Monday, September 12, 2011

Hunter's Run / George R.R. Martin et al

Hunter's Run

category: science fiction, author:

George R.R. Martin, Gardner Dozois, Daniel Abraham


original copyright 2007,
read in Sep 2011 (and before, in Feb 2009)

Agamedes' opinion: 7 out of 10

In its first 20 or so pages this book would normally have been ringing serious warning bells. Bad book, bad book, bad book. However, I also remembered that I had read this book before -- and enjoyed it. So what was... almost... so bad?

  • The hero starts the book with no knowledge of who or where he is. Bad sign. The reader can expect to be confused. Even worse, the hero doesn't know how he got to his current position. Warning: confusing flashbacks dead ahead...
  • The hero is Mexican. A "non middle-class white American" sometimes works... but is often just... because. In an author's note Dozois had read, "Where is the space hero who is Mexican?" and thought, "that was a fair question." So, although he "didn't know much about Mexican culture," he decided to make his hero a Mexican. This token Mexicanism should scare the sensitive reader...
  • The hero has just killed someone in a knife fight. The reader is lead to wonder, Who will he kill next?
  • Final danger sign: there are three authors. The first is George RR Martin. The same author who put his name to Busted Flush -- a comic book which forgot to include the explanatory pictures.
Despite all this... Hunter's Run is not too bad at all.

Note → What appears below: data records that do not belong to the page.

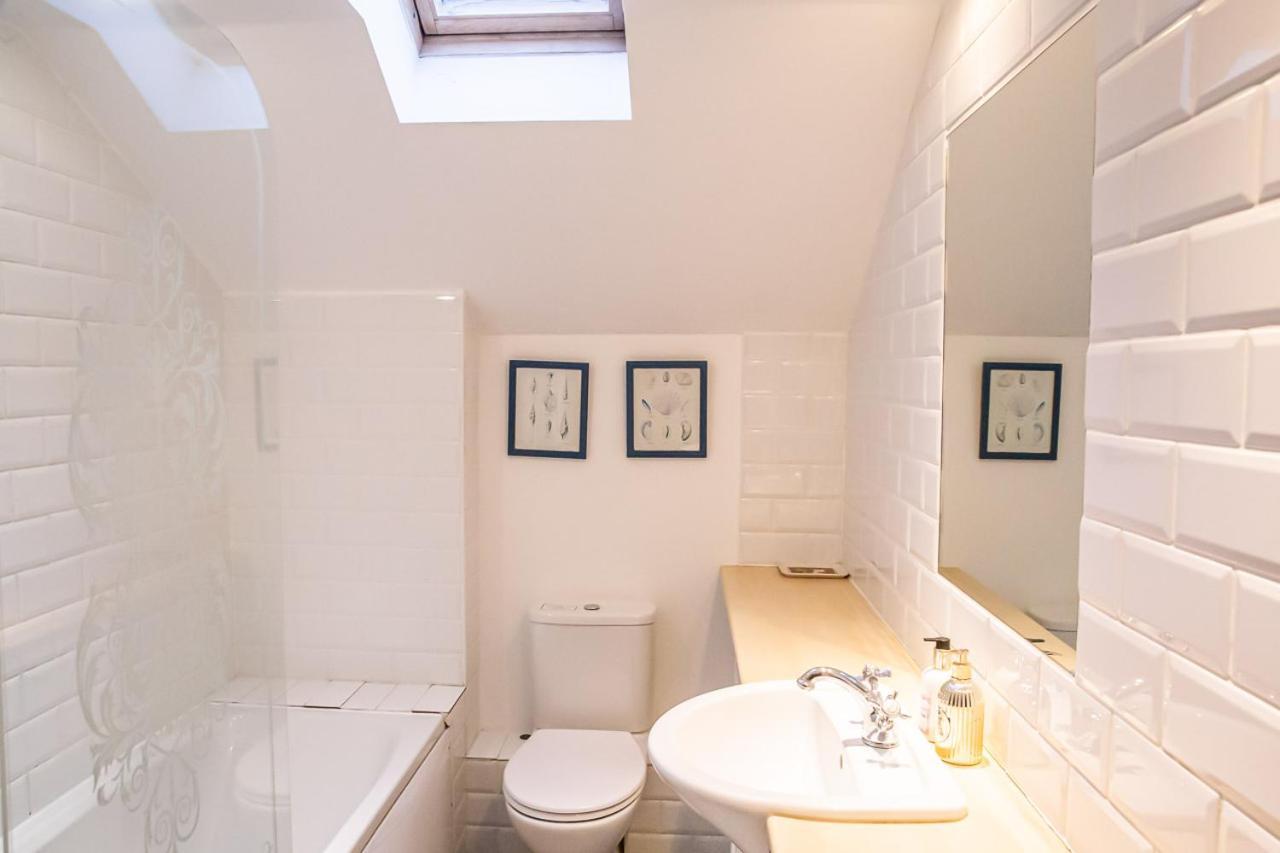 Stylish Modern Mews House In Central St Leonards Hastings Exterior photo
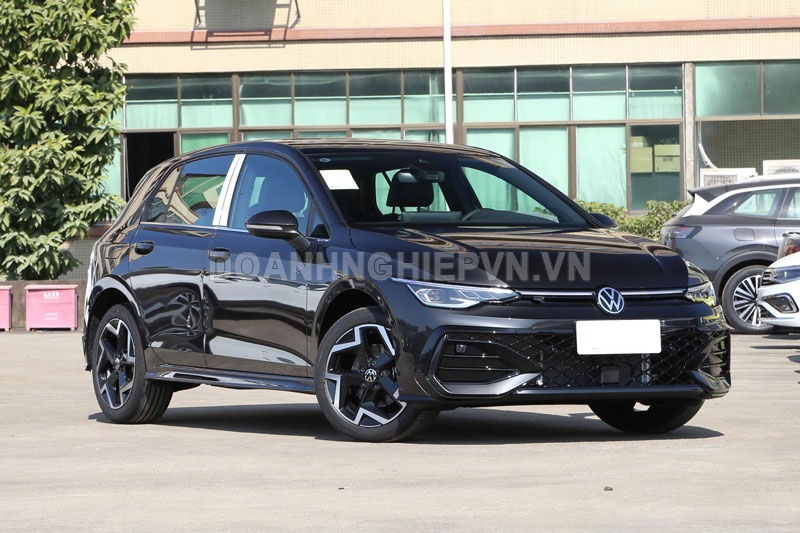 Volkswagen Golf 300 TSI R-Line 2025.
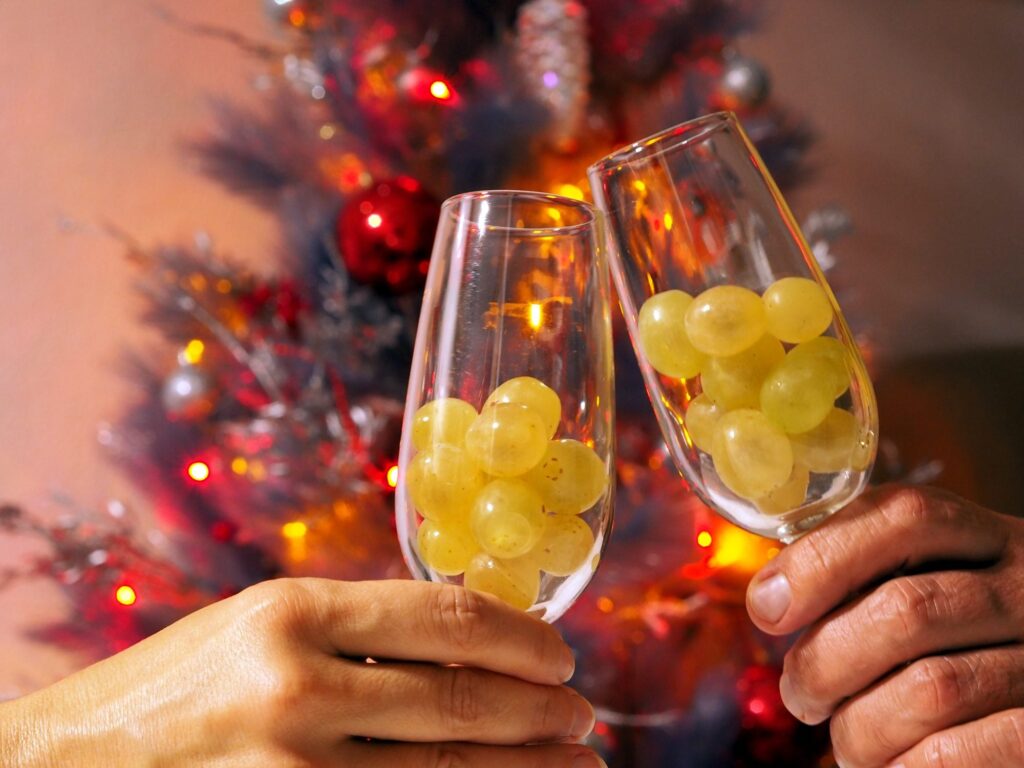 The color red, lucky foods, mistletoe: how the traditions of December 31st and January 1st were born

Sure, the introduction -- called an "Overture", for no good reason; there is no musical theme to the book -- the introduction is set a few solid steps into the plot. We then flash back... and forward... and back... and... Anyway, the introduction is just a standard ploy to get the reader started at an exciting part of the book. It's a good way to catch the attention of a short-attention-span reader.

Plenty of people complain that Lord of the Rings starts rather slowly. Boringly, even. According to the Hunter's Run formula, LotR would have started with Hobbits in the Barrow, imagining that they were ancient warriors in a battle against an evil king...

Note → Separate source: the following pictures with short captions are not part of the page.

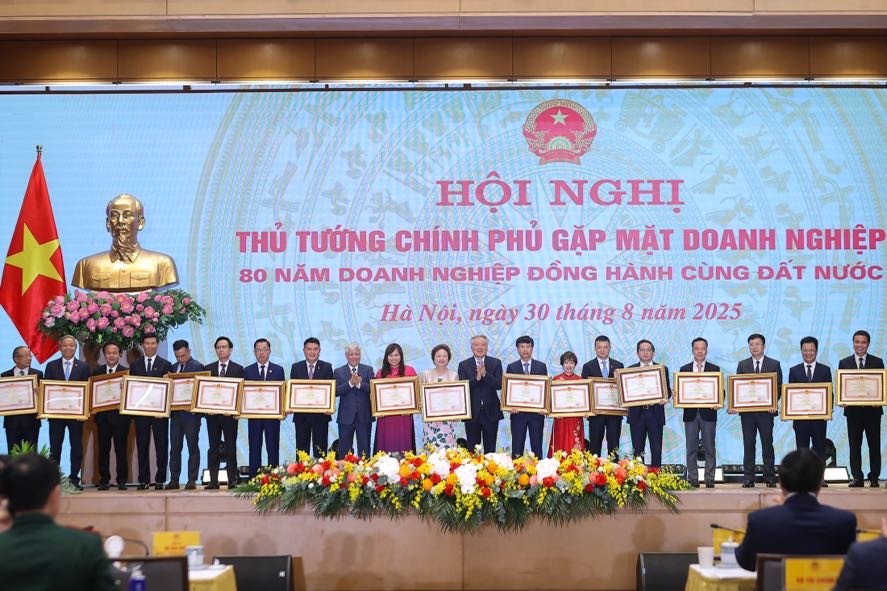Chủ tịch Ủy ban Trung ương MTTQ Việt Nam và Phó Phiên bản chính thức của 555Win Nguyễn Hòa Bình trao các hình thức khen thưởng cho các Trang Nhà Cái 555win.com - Đăng Nhập +555k tiêu biểu - Ảnh: VGP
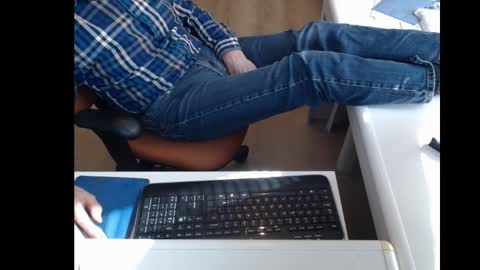 dutchpornking2 online show from March 9, 11:47 am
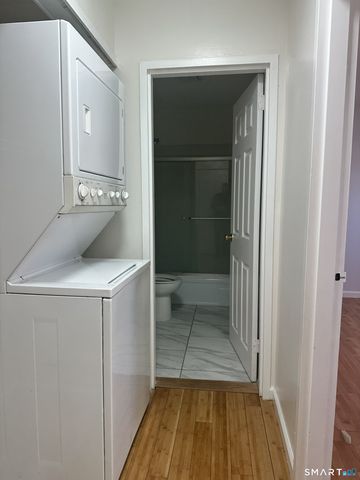 50 Greenhouse Road 33D, Bridgeport, CT 06606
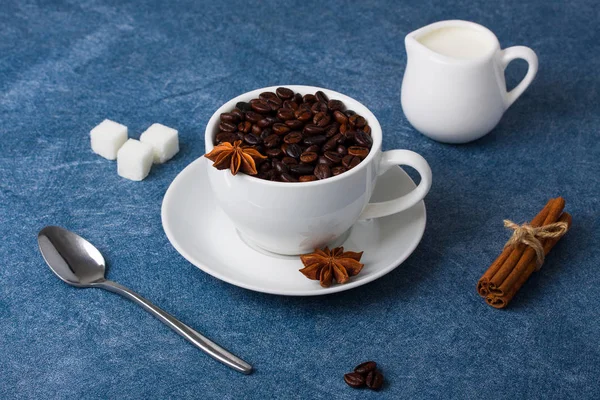 Xícara de café leite açúcar colher canela anis — Fotografia de Stock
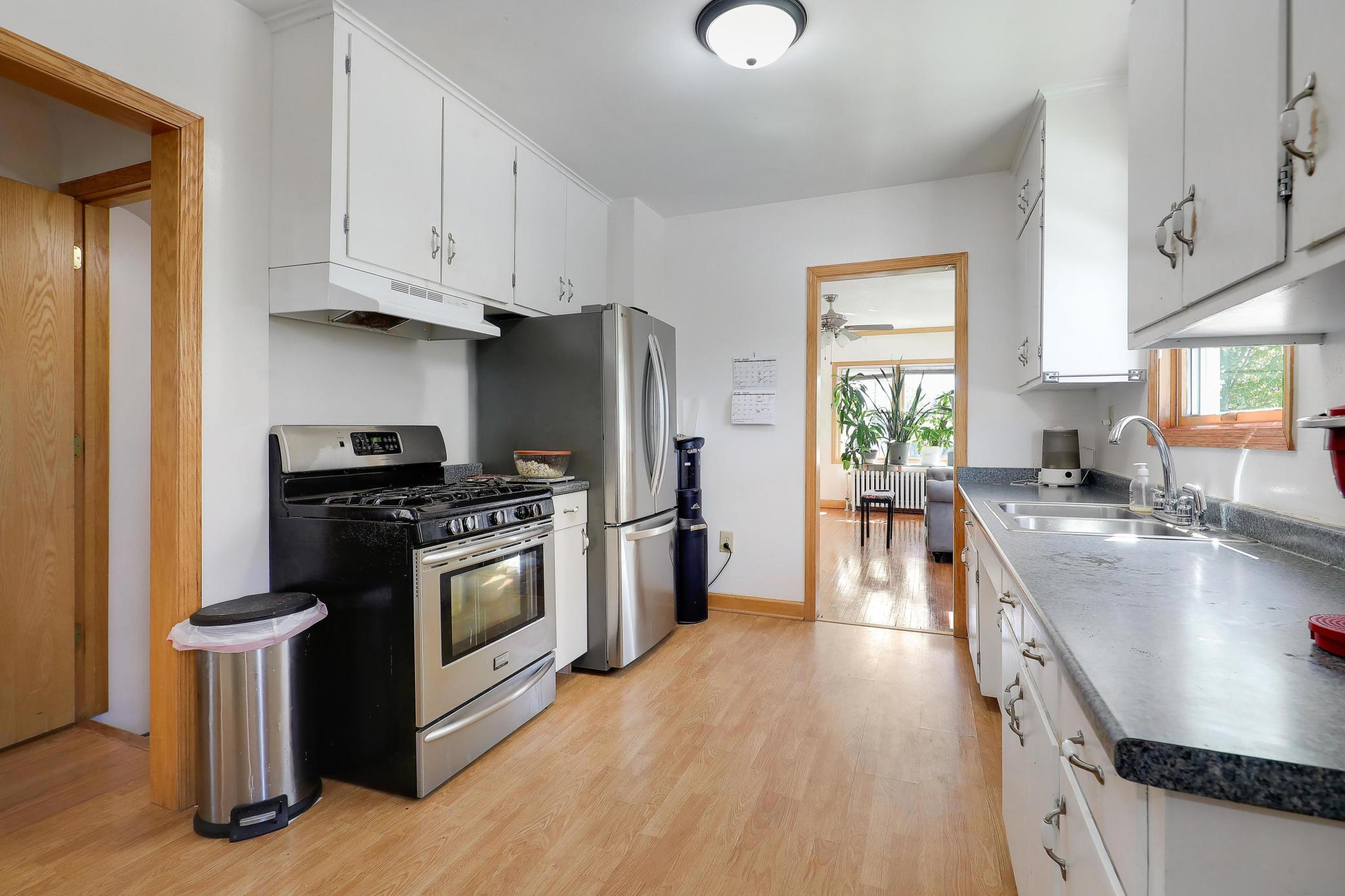 View of Residential at 6425 Fremont Avenue, Brooklyn Center MN 55430, Brooklyn Center (10 of 37) - Mike Wilen | Minnesota Team Real Estate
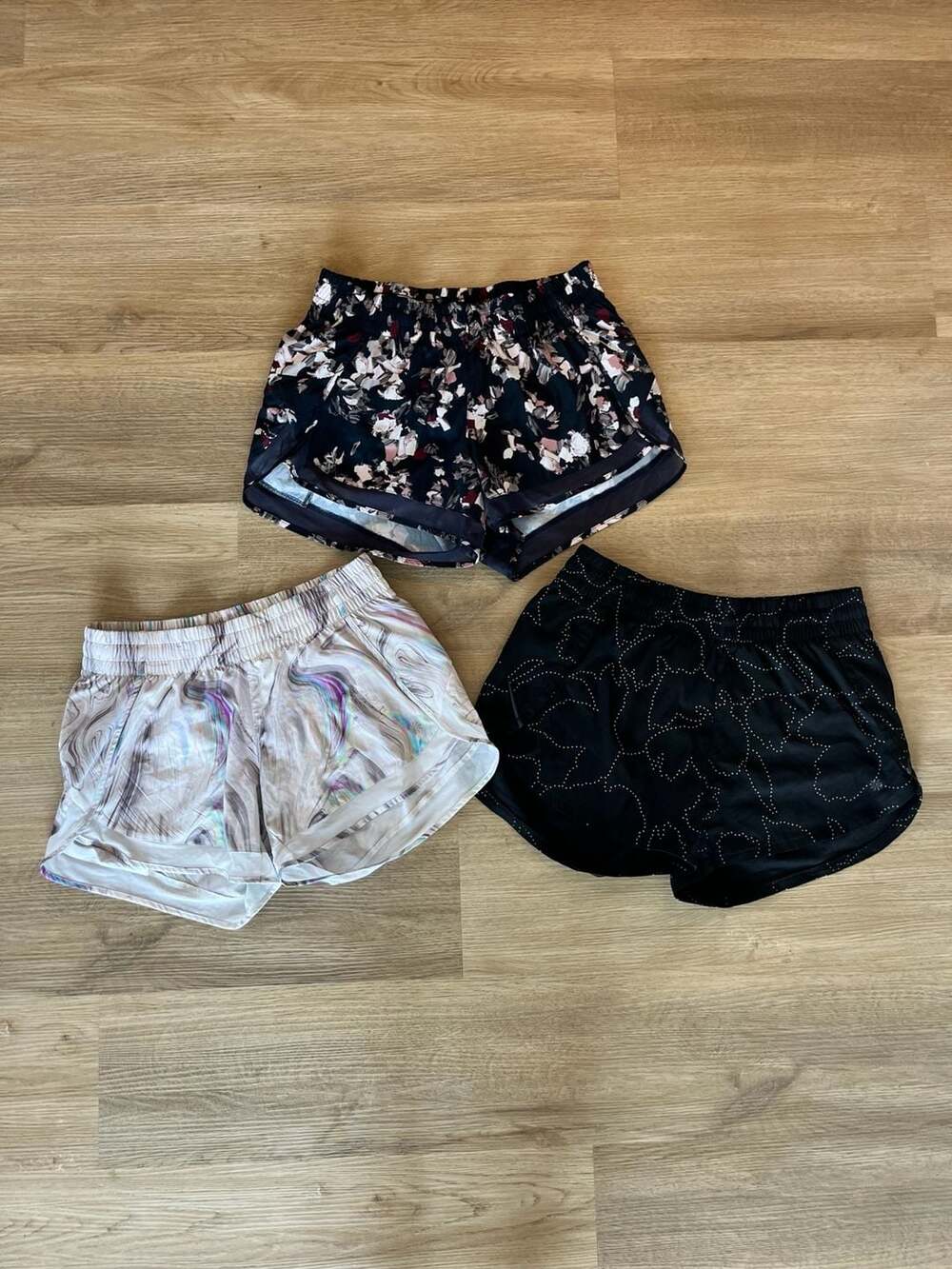 (3)Athleta Girls XS Run With It Shorts,Floral/ Marble,Reflect,Activewear,Running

After a while, though, Hunter's Run does get going. The timeline jumps around but the authors keep it clear just when the action is taking place.

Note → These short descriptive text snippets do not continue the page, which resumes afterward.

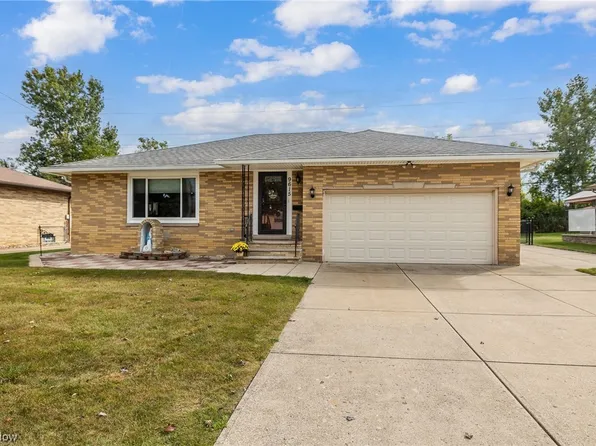 9615 Idlewood Dr, Brooklyn, OH 44144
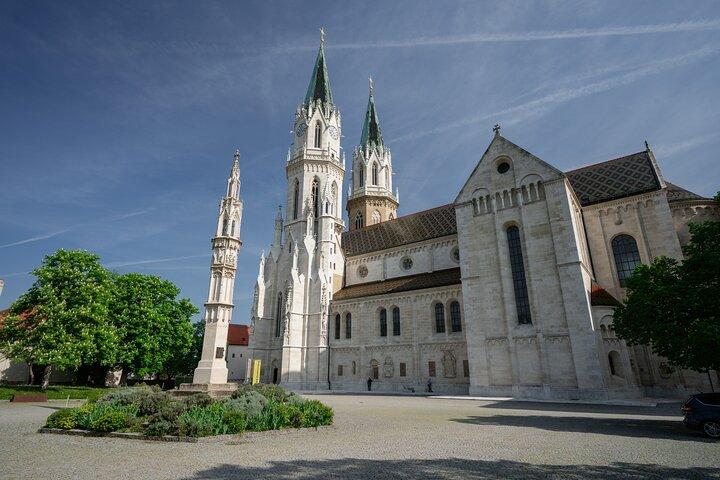 Enchanting Vienna Woods : Une journée du vin, des bois et des abbayes anciennes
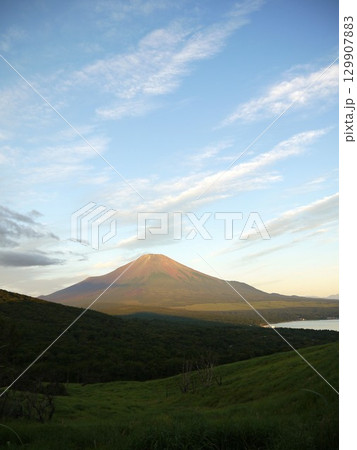 朝焼けが綺麗な夏の赤富士 朝焼けが綺麗な夏の赤富士 129907883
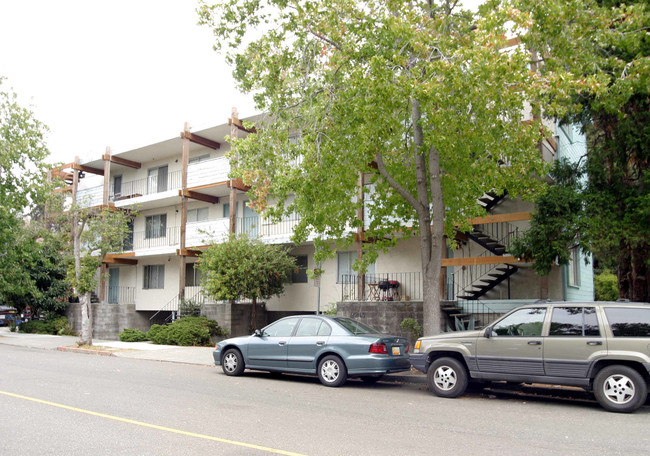 2245 Mckinley Ave in Berkeley, CA - Building Photo - Building Photo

But why is the hero Mexican? According to the author's note, Why not?! Despite this unpromising explanation, the Mexican stereotype works quite well.

There are Spanish(?) words thrown in, to give that "authentic" flavour. Is it a way to get swearing past the censor? Even with the ease of Google Translate I was not interested enough to check. So there are blank spots in my reading. The plot still unfolds quite satisfactorily.

My main fear is, that the author will present a glamourised view of the selected ethnic stereotype... Read McCaffrey books for simple examples; some authors are quite embarrassing. I also suspect that many implied characteristics go right over my head... I grew up in Australia, completely failing to identify specific characteristics with each racial type. (Except that Italians ate garlic. So did the French. So did we, eventually...) But I missed the imprinting which -- it seems -- adds depth and understanding to, for example, many American tv shows.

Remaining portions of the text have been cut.